Gözlerimi kapatmış bir şekilde beklerken birden açılan kapıyla sırtımı duvardan ayırarak hızlıca çantamı almıştım. Eninde sonunda içeri gireceğini biliyordum. O içeri girmişken dışarı çıkmak için hareket etmiştim fakat kapıyı kapatarak önüme geçmiş "Dur lütfen!" Bekle. Sadece iki dakika." diyerek geçmemi engellemişti. Yine de bedenini kapıdan çekmeye ve dışarı çıkmaya çalıştığımda bir türlü başaramadığım için durup çantamı yere bırakarak arkamı dönmüştüm. Daha yeni sakinleşmişken tekrar ağlamak istemiyordum. Yoongi ise pek belli etmiyor da olsa, ıslak yüzünden anlaşıldığı kadarıyla ağlamıştı. O saniye geveledikleri ise, pek ilgimi çekmiyordu. Sadece o ismi duyana kadar...

"Özür dilerim. Yemin ederim, sana zorbalık yaptığımın farkında değildim. Kötü hissettirdiğini bilmiyordum. Umursamazsın sanmıştım Jimin, kafana takmadan devam edersin sanmıştım. Ben yapamamıştım, ama sen yaparsın sanmıştım. Jungkook söylemiştir sanıyordum... Ben-"

"Hala Jungkook diyorsun." diyerek ona doğru döndüm ve kaşlarımı çattım. Gözlerim yavaş yavaş yeniden dolmaya başlamıştı. Fakat merak ediyordum. Jungkook'un tüm bunlarla ne gibi bir bağlantısı vardı? Neden her fırsatta konusu açılıyordu? Üstelik Jungkook, onu tanımadığını söylüyordu.

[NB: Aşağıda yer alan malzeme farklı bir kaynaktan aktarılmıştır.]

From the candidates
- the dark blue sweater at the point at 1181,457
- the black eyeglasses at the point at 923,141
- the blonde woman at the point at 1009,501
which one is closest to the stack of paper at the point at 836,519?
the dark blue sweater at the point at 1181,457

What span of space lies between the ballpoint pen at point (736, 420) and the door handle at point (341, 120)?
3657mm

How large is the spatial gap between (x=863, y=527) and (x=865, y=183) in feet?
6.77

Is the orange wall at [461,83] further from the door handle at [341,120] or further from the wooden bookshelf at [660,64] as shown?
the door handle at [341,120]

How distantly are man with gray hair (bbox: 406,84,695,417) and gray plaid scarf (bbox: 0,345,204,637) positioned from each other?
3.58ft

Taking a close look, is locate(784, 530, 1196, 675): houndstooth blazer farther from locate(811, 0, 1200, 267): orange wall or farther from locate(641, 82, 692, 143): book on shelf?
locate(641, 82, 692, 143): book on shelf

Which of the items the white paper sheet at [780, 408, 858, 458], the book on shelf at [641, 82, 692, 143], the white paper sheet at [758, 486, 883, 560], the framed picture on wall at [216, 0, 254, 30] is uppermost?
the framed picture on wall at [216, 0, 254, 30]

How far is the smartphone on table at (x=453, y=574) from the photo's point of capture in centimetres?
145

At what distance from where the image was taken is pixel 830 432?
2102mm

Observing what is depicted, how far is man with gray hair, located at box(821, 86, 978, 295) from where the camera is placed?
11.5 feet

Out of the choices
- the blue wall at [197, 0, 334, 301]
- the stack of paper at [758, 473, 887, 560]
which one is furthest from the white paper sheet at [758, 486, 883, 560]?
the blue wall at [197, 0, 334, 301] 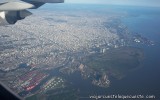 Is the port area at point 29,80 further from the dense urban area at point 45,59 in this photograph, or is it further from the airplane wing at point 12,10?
the airplane wing at point 12,10

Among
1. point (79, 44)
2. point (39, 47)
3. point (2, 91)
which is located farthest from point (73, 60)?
point (2, 91)

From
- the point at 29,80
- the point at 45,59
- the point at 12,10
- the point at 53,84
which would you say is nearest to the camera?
the point at 12,10

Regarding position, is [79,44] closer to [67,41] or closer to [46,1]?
[67,41]

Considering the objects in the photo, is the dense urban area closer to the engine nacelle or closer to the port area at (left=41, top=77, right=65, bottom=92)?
the port area at (left=41, top=77, right=65, bottom=92)

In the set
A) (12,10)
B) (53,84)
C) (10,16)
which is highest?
(12,10)

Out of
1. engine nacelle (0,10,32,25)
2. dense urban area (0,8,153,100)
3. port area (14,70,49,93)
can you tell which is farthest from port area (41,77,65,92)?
engine nacelle (0,10,32,25)

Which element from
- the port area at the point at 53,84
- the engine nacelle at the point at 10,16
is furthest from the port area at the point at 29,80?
the engine nacelle at the point at 10,16

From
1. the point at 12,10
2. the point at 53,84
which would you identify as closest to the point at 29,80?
the point at 53,84

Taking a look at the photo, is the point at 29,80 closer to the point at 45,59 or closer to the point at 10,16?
→ the point at 45,59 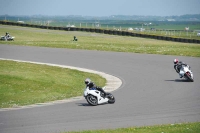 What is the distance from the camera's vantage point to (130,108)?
2109 cm

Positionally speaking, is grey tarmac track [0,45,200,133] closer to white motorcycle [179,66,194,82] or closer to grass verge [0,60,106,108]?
white motorcycle [179,66,194,82]

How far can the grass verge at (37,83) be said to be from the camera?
25266mm

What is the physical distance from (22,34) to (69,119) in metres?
64.3

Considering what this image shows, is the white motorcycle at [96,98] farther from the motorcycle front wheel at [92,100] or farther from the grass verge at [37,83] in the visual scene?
the grass verge at [37,83]

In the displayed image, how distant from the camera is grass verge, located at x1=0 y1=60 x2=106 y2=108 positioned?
25.3 meters

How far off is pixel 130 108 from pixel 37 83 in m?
9.27

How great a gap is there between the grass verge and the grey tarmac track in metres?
2.15

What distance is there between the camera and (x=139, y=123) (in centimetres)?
1778

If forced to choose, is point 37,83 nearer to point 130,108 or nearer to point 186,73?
point 186,73

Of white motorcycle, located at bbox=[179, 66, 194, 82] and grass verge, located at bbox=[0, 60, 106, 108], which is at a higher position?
white motorcycle, located at bbox=[179, 66, 194, 82]

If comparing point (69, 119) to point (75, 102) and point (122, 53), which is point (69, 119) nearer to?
point (75, 102)

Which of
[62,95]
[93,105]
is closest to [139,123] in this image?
[93,105]

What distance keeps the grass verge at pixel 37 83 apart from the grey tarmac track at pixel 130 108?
2151 millimetres

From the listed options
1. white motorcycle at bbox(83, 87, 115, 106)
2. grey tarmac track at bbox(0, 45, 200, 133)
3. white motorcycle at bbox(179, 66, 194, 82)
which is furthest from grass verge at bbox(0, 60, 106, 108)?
white motorcycle at bbox(179, 66, 194, 82)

"Bilmiyorsun... Sana söylememiş. Bana inanmayacaksın. Biliyorum. O da inanmamıştı. Jimin, anlattığımda kimse bana inanmamıştı. Ben sadece sandım ki, zayıf olan benim sanmıştım. Güçlü olduğunu sanmıştım. Yemin ederim ileri gittiğimi bilmiyordum. Sadece bunu yaptığımda, biraz olsun unutabiliyordum." dediğinde, birden gözyaşları akmaya başlamıştı. Şaşkın bile olsam, söylediği her kelime hala üzerindeki saçmalık ve bana hissettirdiği acıyla benim de gözlerimin dolmasına sebep oluyordu.

"Açık değilsin hala! Yaptığın şeylere bahane bulmaya çalışıyorsun. Jungkook'u bahane ediyorsun! Nasıl hissettirdiğini bilmiyorsun öyle değil mi? Söylediğin her bir cümleyle yaşadığım tüm bir günü mahvedebiliyordun Yoongi. Ve bunu yaparken asla pişman değildin. Şimdi rol yapma sakın!" Gözyaşlarım onunkiyle eş zamanlı bir şekilde akmaya başladığında Yoongi bedenini sertçe kapıya yasladı, birden artmaya başlayan hıçkırıklarıyla "Biliyorum, yemin ederim nasıl-" Hıçkırdı. "Nasıl hissettirdiğini biliyorum. Özür dilerim." Gözyaşları. "Affetmeni beklemiyorum ama özür dilerim. Kendimden-" Hıçkırdı. "Nefret ediyorum, özür dilerim." Tekrar hıçkırdı. "Çok özür dilerim."